第1章「ジョブラ村にて」では、1974年の大飢饉を目の当たりにした著者が、大学の教員という立場から、「貧しい人々の本当の暮らしを理解し、近くにある村で毎日実際に使われるような、本当に生きた経済学を見つけたいと考えるように」なり、その近くのジョブラ村から学ぼうと考え、「もう一度学生になることを決意した。ジョブラ村が私の大学だ。そして村人たちが私の教授だった」と語っています。
第2章「世界銀行との関係」では、1976年に、42世帯に27ドルを貸したところから始まった活動が、1998年には230万世帯に23億ドルを貸すまでになったと述べ、それまでの世界銀行と様々な確執があったことが語られています。そして、「グラミンが一貫して説いているのは、貧しい人たちは借り手として間違いなく信頼できる」こと、「どんな場合でも、施しは金を受け取るものの尊厳を奪い、収入を得ようとする意欲をも奪い去ってしまう」こと、貧しい女性を有志の相手に選び、「彼女たちこそが、貧困に立ち向かう私たちの最も決定的な武器となった」と語っています。
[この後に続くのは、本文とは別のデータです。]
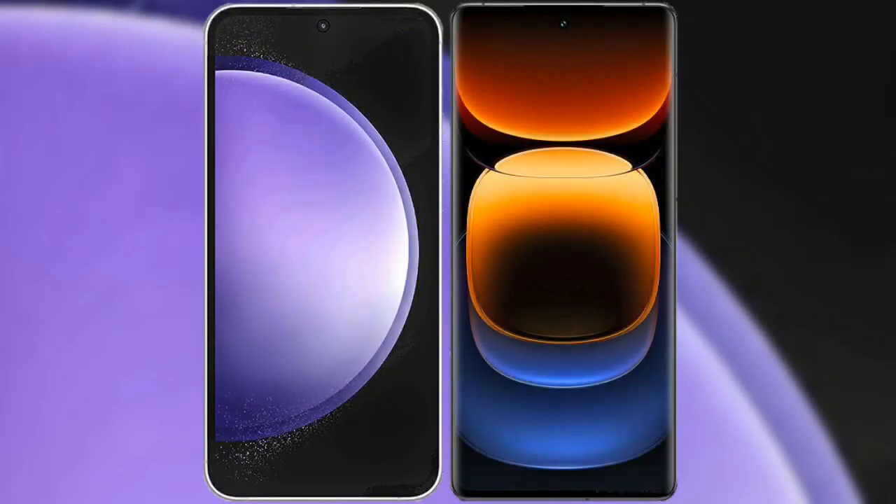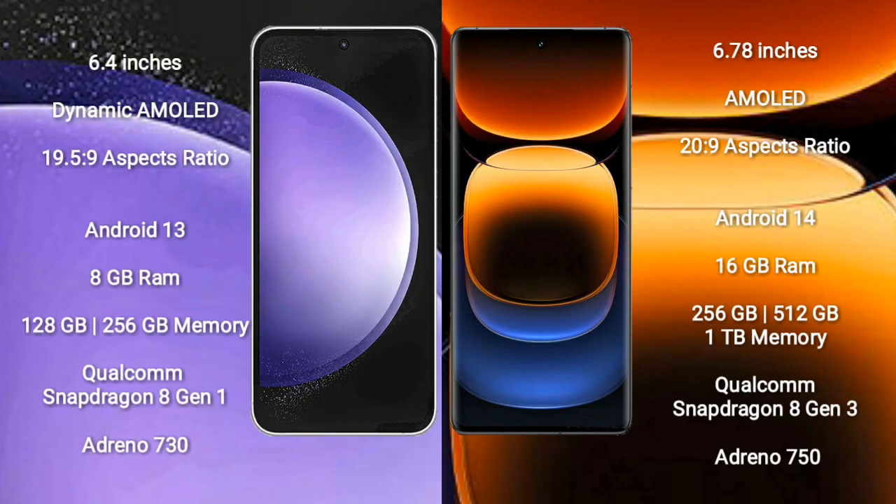I will compare the new Samsung Galaxy S23 FE with Vivo iQOO 12 Pro. Samsung Galaxy S23 FE comes with a 6.4 inch dynamic AMOLED display and aspect ratio 19.5:9. Vivo iQOO 12 Pro comes with a 6.78 inch AMOLED display and aspect ratio 20:9.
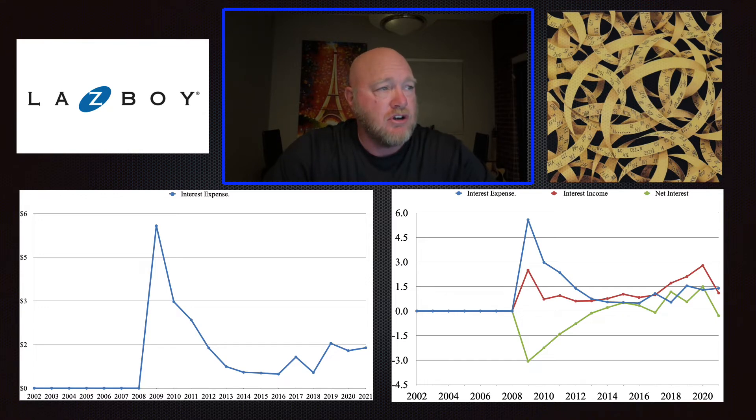I want to say something about this chart because it does look like there's a big spike and significant interest payments. But if you look closely, it's a couple of million dollars — an insignificant amount for a company this size. It might simply be corporate credit cards causing that much in interest expense, and it just doesn't bother me. Looking at the next chart comparing interest income to interest expense, you see the company has net interest income — they're making more money off interest income than they're paying in expense, which is a really good sign.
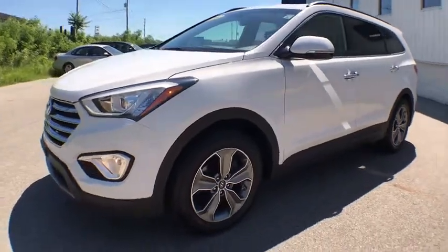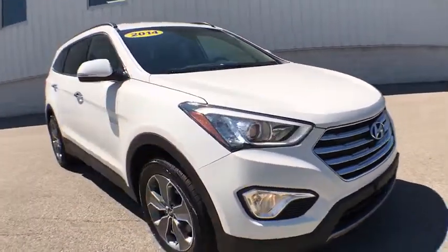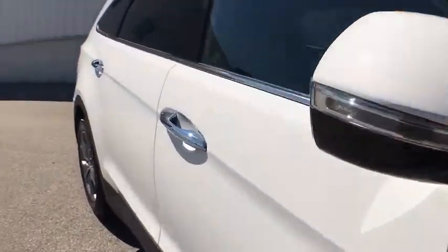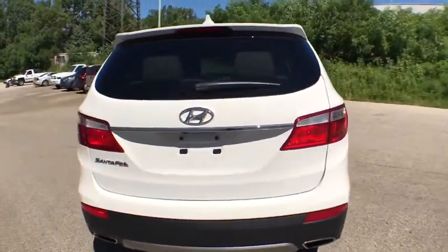2014 Hyundai Santa Fe — style, quality, performance, value. This vehicle has less than 85,000 miles. Here are some of this vehicle's great options: keyless entry, Bluetooth, leather wrapped steering wheel, front wheel drive, clock, fog lights.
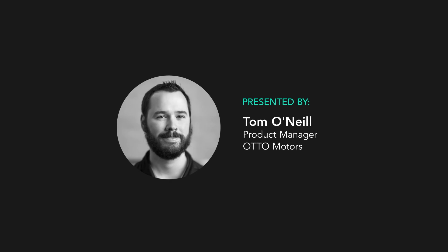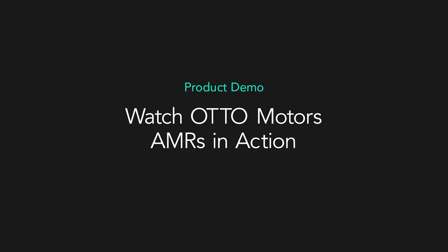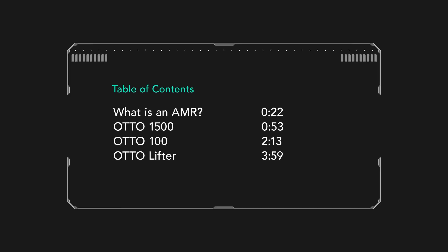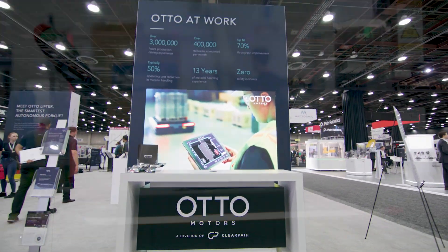My name is Tom O'Neill. I'm the hardware product manager and today we're going to quickly go over each of our vehicles and get a little bit more detail about them. Auto Motor sells AMRs, not AGVs.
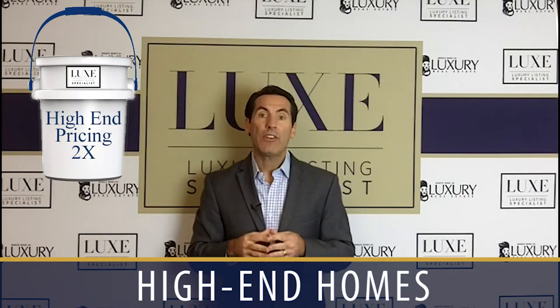The third price point, or bucket, is what we call high-end homes. We define a high-end home as a home that is two times the average price point for your given market. So if the average price point is $300,000, a high-end home is $300,000 times two, or around $600,000. That's bucket number three.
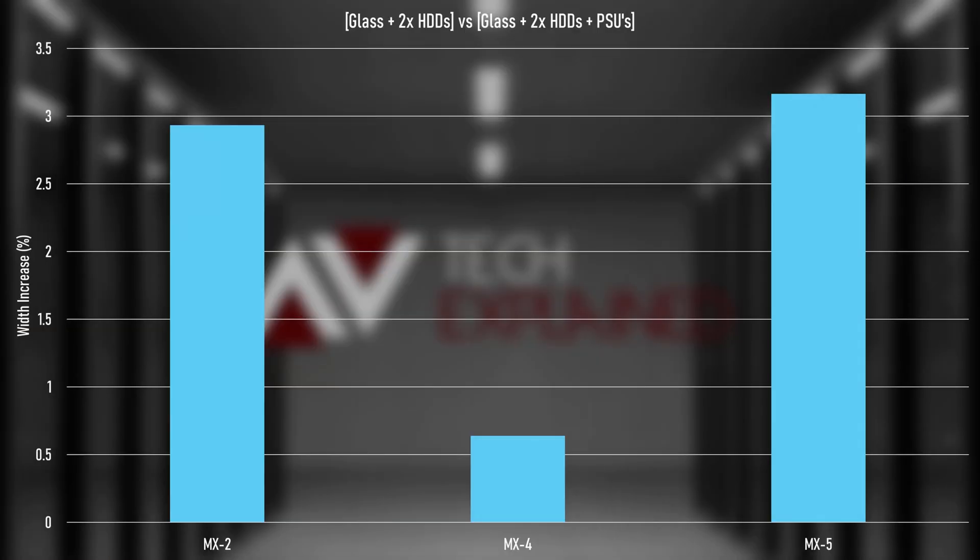Is there any chance I could buy some more equipment to make these tests better in the future? Well, it's not Christmas anymore, we're not getting enough ad revenue, and we can barely afford to not pay you. So anyway, it turns out that MX-5 is the least viscous, MX-2 follows very closely behind, and MX-4 is by far the most viscous.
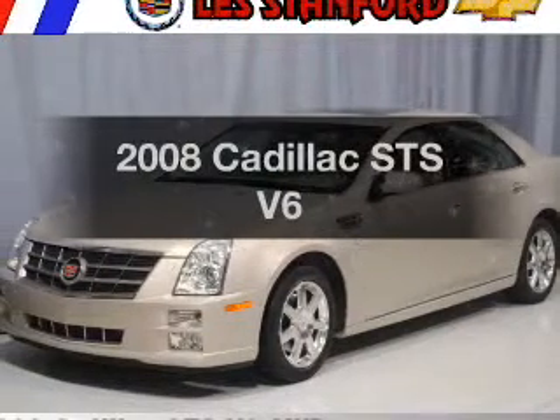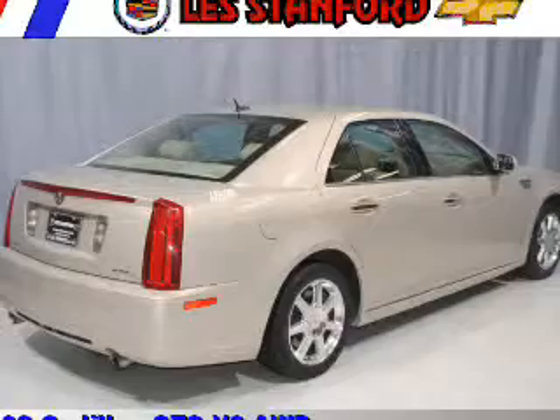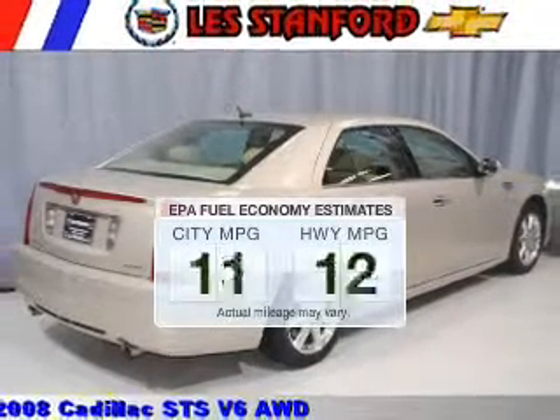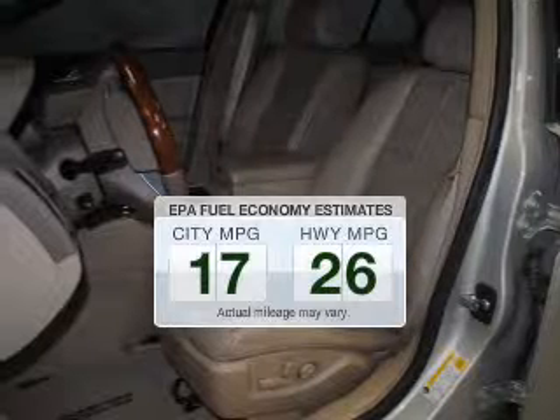Check out this 2008 Cadillac STS. This is the set of wheels you've been looking for. Run all over town and back to home again without worrying about filling up when driving this fuel-efficient ride. The powertrain includes all-wheel drive with a solid six-cylinder engine that responds smoothly to its six-speed automatic transmission.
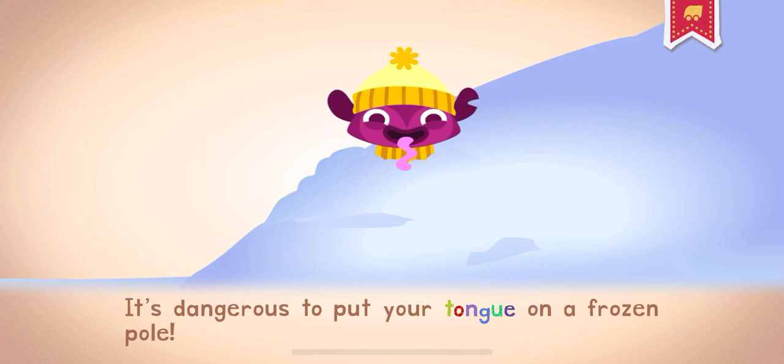It's dangerous to put your tongue on a frozen pole. I just... I can't... I'd like to... I'm tongue-tied.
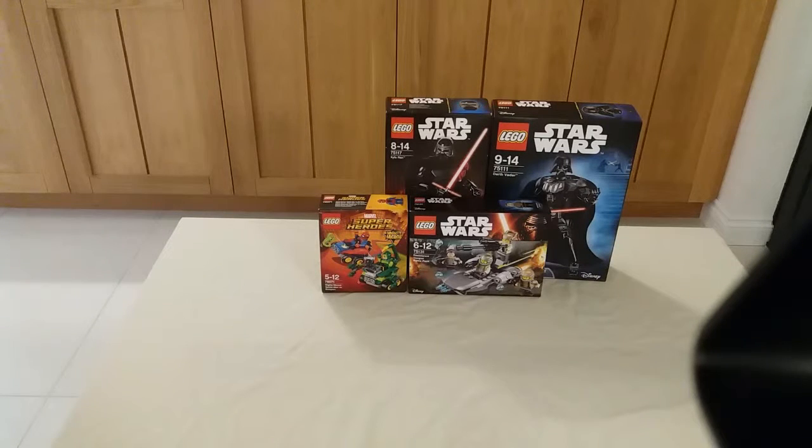Next we have the Mighty Micros Spider-Man versus Scorpion set. I saw this and really wanted to get it, so this is the first Mighty Micros I've got. I'll be getting lots more, hopefully trying to collect them all.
第5章「アメリカ留学」では、著者が経済学のモデルの大切さとともに、「ものごとは私たちが思っているほど複雑にはできていない」ことを学び、「単純な答えを複雑なものしているのは、私たちの傲慢さだけなのだ」と語っています。
第6章「結婚とバングラデシュ独立」では、1971年12月16日のバングラデシュ独立戦争の勝利の後、すっかり荒廃し、「経済は完全に破壊され、数百万人が肉体的な損傷を抱えていた」故国に帰り、国の再建に参加することが、自分の義務だと考えたことが語られています。
第8章「三人農場での実験」では、故国に戻り、「新しいタイプの農業協同組合」を作るというアイディアである「マバジュグ(新時代の)三人農場」を実践した著者が、この方法では本当に貧しい人々に利益を与えることができないこと、「土地を持っていない貧しい人びとにこそ目を向けなくてはならない」ことに気づいたことが語られています。
第9章「銀行経営に乗り出す」では、貧しい人たちが、「朝から晩まで、まるで奴隷のように働かされ」ており、「高利で資金を貸し、彼らの製品を全て買い上げてしまう<パイカリ>の支配下に置かれていて、自由に商売をすることができない状態」であることを改善するため、既存の銀行の支店長に掛け合ったときのやりとりや、著者が発見した「世界の銀行の基礎原理」、すなわち、「金を持っている人は、もっと多くの金を手にすることができる」、逆に言えば、「金を持っていない人は、それ以上のものを手にすることができない」という「経済的差別(ファイナンシャル・アパルトヘイト)」について語っています。そして、「貧困」とは、「人々の周りを高い壁で取り囲むようなもの」であり、グラミンは、「人びとが意志を持ち、チカラをつけて、自分の手で周りにそびえる壁を叩き、いずれは自分の力で壁を壊すことができるようにさせたいと思っている」と述べています。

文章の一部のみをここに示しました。